How to complete this task: Apart from the pictures, every line below needs to be reproduced verbatim.
*** Opening Records for the task ***
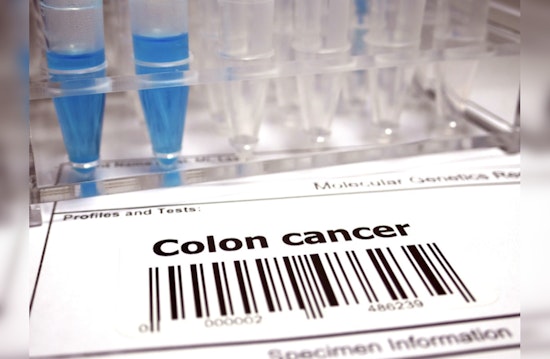 Colon Clear-Cut, MIT Study Finds Screening Slash Cancer Risk by Double Digits!
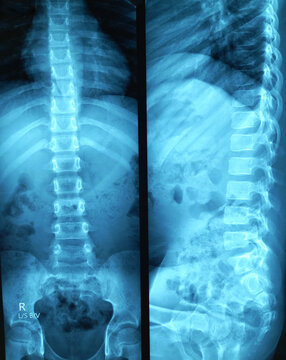 X-ray of the human lumbo sacral spine. Lumber lordosis is lost may be due to muscle spasm. 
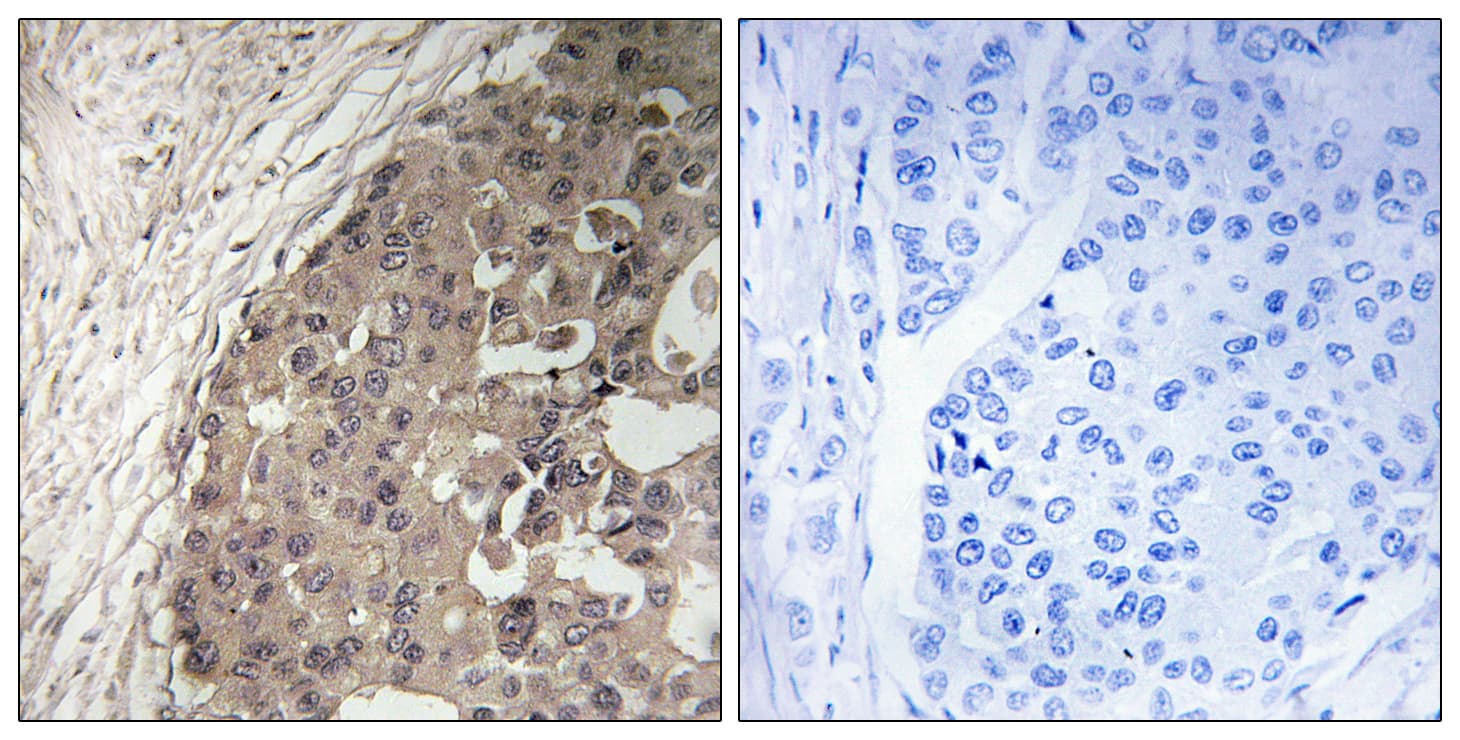 CSGALNACT1 Antibody (aa201-250)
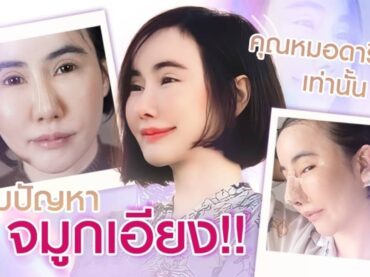 S 23748694 1 บอกลาจมูกเอียง 9 ปี มาจบที่หมอดารินทร์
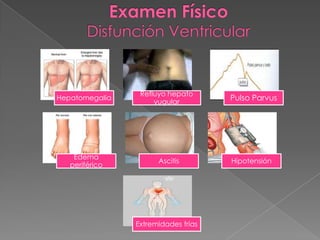 Refluyo hepato
Hepatomegalia
                     yugular
                                     Pulso Parvus




    Edema
                      Ascitis        Hipotensión
   periférico




                Extremidades frías
 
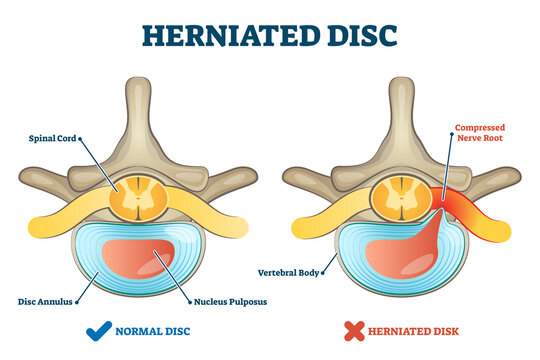 Disc herniation infographic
*** Closing Records for the task ***
Answer area:
 Colon Clear-Cut, MIT Study Finds Screening Slash Cancer Risk by Double Digits!
 X-ray of the human lumbo sacral spine. Lumber lordosis is lost may be due to muscle spasm. 
 CSGALNACT1 Antibody (aa201-250)
 S 23748694 1 บอกลาจมูกเอียง 9 ปี มาจบที่หมอดารินทร์
 Refluyo hepato
Hepatomegalia
                     yugular
                                     Pulso Parvus




    Edema
                      Ascitis        Hipotensión
   periférico




                Extremidades frías
 
 Disc herniation infographic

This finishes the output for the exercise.